Personal information
- Place of birth: Argentina
- Position: Midfielder

College career
- Years: Team / Apps / (Gls)
- 1981–1984: Indiana University

Senior career*
- Years: Team / Apps / (Gls)
- 1985: Louisville Thunder (indoor) / 22 / (18)
- 1985–1986: Chicago Shoccers (indoor)
- 1986–1988: Fort Wayne Flames (indoor) / 83 / (50)

International career
- 1985: United States / 1 / (0)

= Paul DiBernardo =

Argentine-American soccer player and coach

Paul DiBernardo is a retired soccer midfielder who coaches youth soccer. Born in Argentina, he played professionally in the American Indoor Soccer Association and earned one cap with the United States men's national soccer team.

==Youth==
DiBernardo, a native of Argentina, emigrated to the United States in 1972 with his family. He grew up in Illinois and attended Riverside High School in North Riverside, Illinois. He graduated in 1981, after which he attended Indiana University.
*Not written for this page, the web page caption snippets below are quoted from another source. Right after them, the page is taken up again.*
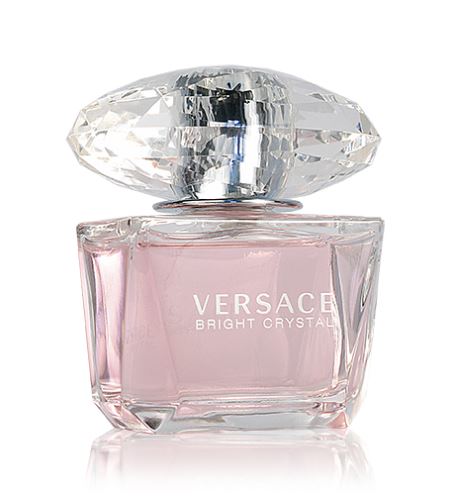 Versace Bright Crystal EDT 90 ml Pre ženy TESTER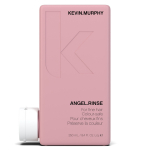 Kondicionierius ploniems plaukams ANGEL.RINSE 250 ml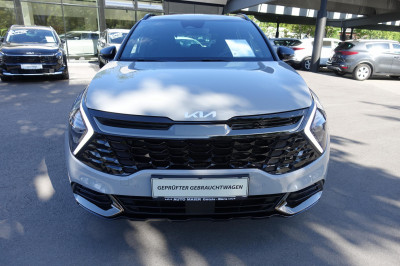 KIA Sportage Gebrauchtwagen KIA Sportage Gebrauchtwagen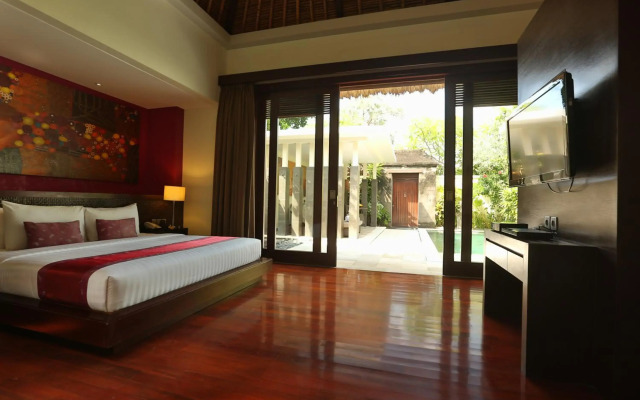 Mahagiri Villas Sanur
While growing up, he also played for Sparta Soccer Club in Chicago. After high school, played as a midfielder on the Hoosiers soccer team from 1981 to 1984. His older brother Angelo had been a star at Indiana in the late 1970s. During Paul's four seasons with the Hoosiers, they went to the championship game three years running, taking the title in 1982 and 1983 and losing to Clemson in 1984. DiBernardo contributed 40 goals and 36 assists during his four years and was named the 1984 SoccerAmerica college Player of the Year. In 1997, the Indiana Soccer Hall of Fame inducted DiBernardo.

==Professional==
In January 1985, DiBernardo signed with the Louisville Thunder of the American Indoor Soccer Association (AISA) for the remainder of the 1984–1985 season. In June 1985, the Minnesota Strikers selected DiBernardo in the first round (eighth overall) of the Major Indoor Soccer League draft. The Strikers released him during the pre-season. He then signed with the Chicago Shoccers of the AISA. He spent one season with the Shoccers then moved to the Fort Wayne Flames in 1986. DiBernardo appeared in 95 games for the Flames from 1986 to 1989. During the 1987-1988 AISA season, he scored 18 goals for the Fort Wayne Flames, putting him 10th on the league's points list.

===Fort Wayne Flames===

====Regular season====
- Games Played - 83
- Goals - 50*
- Assists - 27
- Points - 77*
- Shots on Goal - 305*
- Blocked Shots - 55
- Fouls - 143
- Penalty Minutes - 33*

(* = career franchise leader)

====Playoffs====
- Games Played - 12*
- Goals - 7
- Assists - 8*
- Points - 15
- Shots on Goal - 45
- Blocked Shots - 2
- Fouls - 20
- Penalty Minutes - 4

(* = career franchise leader)

==National team==
DiBernardo earned one cap with the U.S. national team when he came on for Jacques LaDouceur in a February 8, 1985 tie with Switzerland.

==Coach==
He is a staff coach for the Naperville Soccer Club of Naperville, Illinois.